Since there are already several links to helpful resources for thinking about humanistic corpora, I’m going to start a corpus creation and curation bibliography here. This will probably graduate into its own page or post.

  1. Update: Since posting this, I’ve learned that Laura Mandell, in collaboration with the NovelTM partnership, is working on a proposal for a journal dedicated to digital humanities corpora. I think this will be a fantastic development for the field! 
  2. There are some examples — such as the much-studied Federalist papers, which might be a good dataset to consider for testing new approaches to authorship attribution. And of course there are numerous standard corpora for use by corpus linguists — the Brown, AP, and Wall Street Journal corpora come to mind for American English, and there are many others. But these corpora have not been selected with literary studies in mind! This is where I parade my ignorance in the hope that someone will enlighten me: are there other corpora designed to be of specific methodological interest to literary scholars? 

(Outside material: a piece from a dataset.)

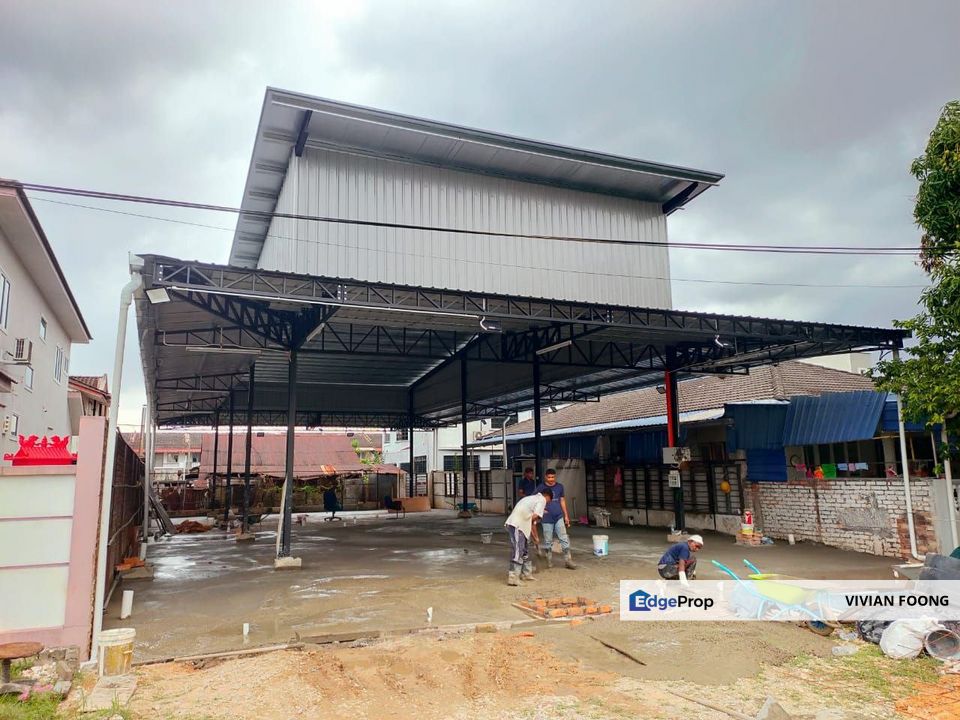 Kampung Simee, Ipoh, Perak, Commercial Land, For Rent, Good Condition, Strategic Location., Perak, Ipoh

  3. Most recently, Scott Weingart took up the question of corpus representativeness in his discussion of the Great Tsundoku, focusing on questions about what was written, what was published, and what was read. He also noted a conversation from a few years ago that Ted Underwood documented, and drew attention to Heather Froelich, who does lots of careful thinking about issues like this. And needless to say, Franco Moretti was thinking about this long ago. I think we’ll be asking this question in different ways for another fifty years. 
  4. Initially I said “We need to understand the tools we use first,” but that’s not quite right either. There’s a cyclical dependency here! 
  5. This has been a topic of widespread interest after the recent Syuzhet conversation, and I think the kinds of collective validation that Andrew Piper and others have called for would be made vastly easier by a somewhat standardized set of model corpora familiar to many researchers.